ПРИНАДЛЕЖНОСТЬ И ОТКРЫТОСТЬ ДРУГОМУ

Выражение «распашка целины» передает, может быть, наиболее точно характер того нелегкого труда, который я собираюсь предпри­нять в этой части моего изложения, за витиеватость и, возможно, оза­дачивающий характер которого я бы попросил прощения у читателя.

Сначала тема для размышлений, которую я себе определил, со­стояла в обнаружении корней замкнутости на себе самом (indisponi-bilite), как я ее описал в книге «Быть и иметь». Но по ходу иссле­дования мне стало ясно, что сначала необходимо подойти к той совокупности проблем, которые редко кто давал себе труд довести до ясного разрешения и которые концентрируются вокруг того, что я вынужден был назвать принадлежностью (appartenance) как фактом или действием.

Я приступаю к исследованию, следуя привычному для себя ме­тоду, который состоит в анализе не факта сознания, но того, что оно вмещает, то есть того, с чем оно сталкивается в ряде типовых четко различимых ситуаций.

Принадлежать кому-либо. Этот предмет принадлежит Полю. Это значит:

a) этот предмет есть собственность Поля;

b) или, более точно, составляет часть того, чем обладает Поль (часть его коллекции или владения).

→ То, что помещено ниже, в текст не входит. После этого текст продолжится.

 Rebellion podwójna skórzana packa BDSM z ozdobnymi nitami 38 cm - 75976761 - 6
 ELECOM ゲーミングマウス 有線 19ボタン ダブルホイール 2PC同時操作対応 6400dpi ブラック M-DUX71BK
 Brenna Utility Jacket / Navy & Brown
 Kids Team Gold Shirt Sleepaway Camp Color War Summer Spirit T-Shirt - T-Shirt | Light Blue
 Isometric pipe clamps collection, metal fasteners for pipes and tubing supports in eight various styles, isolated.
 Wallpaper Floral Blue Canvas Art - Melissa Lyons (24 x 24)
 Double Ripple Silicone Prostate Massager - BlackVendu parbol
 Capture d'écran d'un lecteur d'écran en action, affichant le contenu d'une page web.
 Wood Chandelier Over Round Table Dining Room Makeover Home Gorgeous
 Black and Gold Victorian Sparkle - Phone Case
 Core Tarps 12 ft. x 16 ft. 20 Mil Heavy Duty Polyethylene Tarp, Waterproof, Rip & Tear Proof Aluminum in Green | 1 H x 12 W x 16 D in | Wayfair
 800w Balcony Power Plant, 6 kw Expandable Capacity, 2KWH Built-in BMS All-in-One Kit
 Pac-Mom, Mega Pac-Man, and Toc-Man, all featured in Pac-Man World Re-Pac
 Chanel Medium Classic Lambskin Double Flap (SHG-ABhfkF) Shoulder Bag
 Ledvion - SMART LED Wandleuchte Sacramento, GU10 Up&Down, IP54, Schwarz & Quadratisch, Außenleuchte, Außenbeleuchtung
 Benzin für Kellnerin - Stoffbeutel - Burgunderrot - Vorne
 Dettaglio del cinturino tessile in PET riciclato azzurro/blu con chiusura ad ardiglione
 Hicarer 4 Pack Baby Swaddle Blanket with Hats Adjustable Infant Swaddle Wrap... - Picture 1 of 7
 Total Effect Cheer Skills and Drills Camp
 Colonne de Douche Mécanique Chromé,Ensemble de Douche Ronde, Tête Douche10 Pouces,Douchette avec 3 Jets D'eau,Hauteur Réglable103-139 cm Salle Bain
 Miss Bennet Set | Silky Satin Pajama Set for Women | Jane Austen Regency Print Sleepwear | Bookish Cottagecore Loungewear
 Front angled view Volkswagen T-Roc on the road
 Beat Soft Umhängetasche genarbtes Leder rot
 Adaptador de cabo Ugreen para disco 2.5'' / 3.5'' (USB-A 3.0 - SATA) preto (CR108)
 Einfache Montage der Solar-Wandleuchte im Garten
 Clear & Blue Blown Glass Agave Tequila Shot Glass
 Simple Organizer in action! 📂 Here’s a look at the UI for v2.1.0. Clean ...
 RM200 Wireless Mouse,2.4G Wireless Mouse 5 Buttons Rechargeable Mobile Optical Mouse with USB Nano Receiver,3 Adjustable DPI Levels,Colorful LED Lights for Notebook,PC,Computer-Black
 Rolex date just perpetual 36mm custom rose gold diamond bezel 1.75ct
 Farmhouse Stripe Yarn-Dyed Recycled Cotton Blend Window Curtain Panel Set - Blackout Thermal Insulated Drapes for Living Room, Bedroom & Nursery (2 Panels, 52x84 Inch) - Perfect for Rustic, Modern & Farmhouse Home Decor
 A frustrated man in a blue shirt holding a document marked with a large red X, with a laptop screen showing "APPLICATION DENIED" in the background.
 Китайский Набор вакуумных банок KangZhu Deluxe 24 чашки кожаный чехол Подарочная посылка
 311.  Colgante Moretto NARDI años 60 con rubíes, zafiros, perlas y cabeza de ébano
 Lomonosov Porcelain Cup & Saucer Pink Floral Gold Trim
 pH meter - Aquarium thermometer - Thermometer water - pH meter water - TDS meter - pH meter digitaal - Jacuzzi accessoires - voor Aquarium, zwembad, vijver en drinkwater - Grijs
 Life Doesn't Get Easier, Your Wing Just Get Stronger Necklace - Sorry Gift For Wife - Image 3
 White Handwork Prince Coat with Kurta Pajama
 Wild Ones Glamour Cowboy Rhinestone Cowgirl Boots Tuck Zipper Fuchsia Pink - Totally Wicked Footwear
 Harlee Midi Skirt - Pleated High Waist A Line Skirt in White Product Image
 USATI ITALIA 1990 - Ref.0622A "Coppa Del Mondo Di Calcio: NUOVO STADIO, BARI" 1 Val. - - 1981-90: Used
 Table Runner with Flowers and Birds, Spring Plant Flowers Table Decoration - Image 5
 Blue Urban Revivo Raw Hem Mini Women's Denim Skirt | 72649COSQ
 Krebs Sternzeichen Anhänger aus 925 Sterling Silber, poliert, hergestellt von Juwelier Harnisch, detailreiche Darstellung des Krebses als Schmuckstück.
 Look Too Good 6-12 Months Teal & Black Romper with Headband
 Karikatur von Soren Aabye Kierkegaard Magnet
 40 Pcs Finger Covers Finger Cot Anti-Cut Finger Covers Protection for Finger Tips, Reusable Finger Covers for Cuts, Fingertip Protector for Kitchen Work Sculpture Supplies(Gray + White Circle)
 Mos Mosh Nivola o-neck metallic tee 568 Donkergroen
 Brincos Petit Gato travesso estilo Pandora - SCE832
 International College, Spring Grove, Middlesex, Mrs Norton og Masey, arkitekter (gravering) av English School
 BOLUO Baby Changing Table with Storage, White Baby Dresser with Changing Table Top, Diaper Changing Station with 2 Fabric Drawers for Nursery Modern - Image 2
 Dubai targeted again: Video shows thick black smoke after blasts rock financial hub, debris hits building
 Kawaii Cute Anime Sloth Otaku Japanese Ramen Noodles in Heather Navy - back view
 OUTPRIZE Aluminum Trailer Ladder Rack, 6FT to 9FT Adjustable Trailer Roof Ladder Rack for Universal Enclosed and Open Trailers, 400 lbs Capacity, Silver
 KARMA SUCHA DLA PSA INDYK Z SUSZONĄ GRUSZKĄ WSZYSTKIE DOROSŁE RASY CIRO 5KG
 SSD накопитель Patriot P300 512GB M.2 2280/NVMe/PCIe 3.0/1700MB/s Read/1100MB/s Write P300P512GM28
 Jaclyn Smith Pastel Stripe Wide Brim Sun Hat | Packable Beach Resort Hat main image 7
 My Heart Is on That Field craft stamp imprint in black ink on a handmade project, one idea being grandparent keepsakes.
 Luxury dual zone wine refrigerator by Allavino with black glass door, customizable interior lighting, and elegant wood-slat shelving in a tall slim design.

В этом смысле может принадлежать только то, принадлежность чего может быть оспорена. Утверждение «этот предмет принадле­жит Полю» есть, таким образом, суждение, подразумевающее обра­щение к другим: не претендуйте на этот предмет, он принадлежит Полю. Я часто говорю, что эта вещь, та или иная картина принадле­жит мне, но невозможно представить, что то же самое я буду выска­зывать в отношении своего носа (поскольку трудно вообразить, что кто-то может посягать на обладание им). Несколько иначе обстоит дело, если речь идет о тех частях моего тела, которые другой может использовать как свой инструмент (мои руки, например).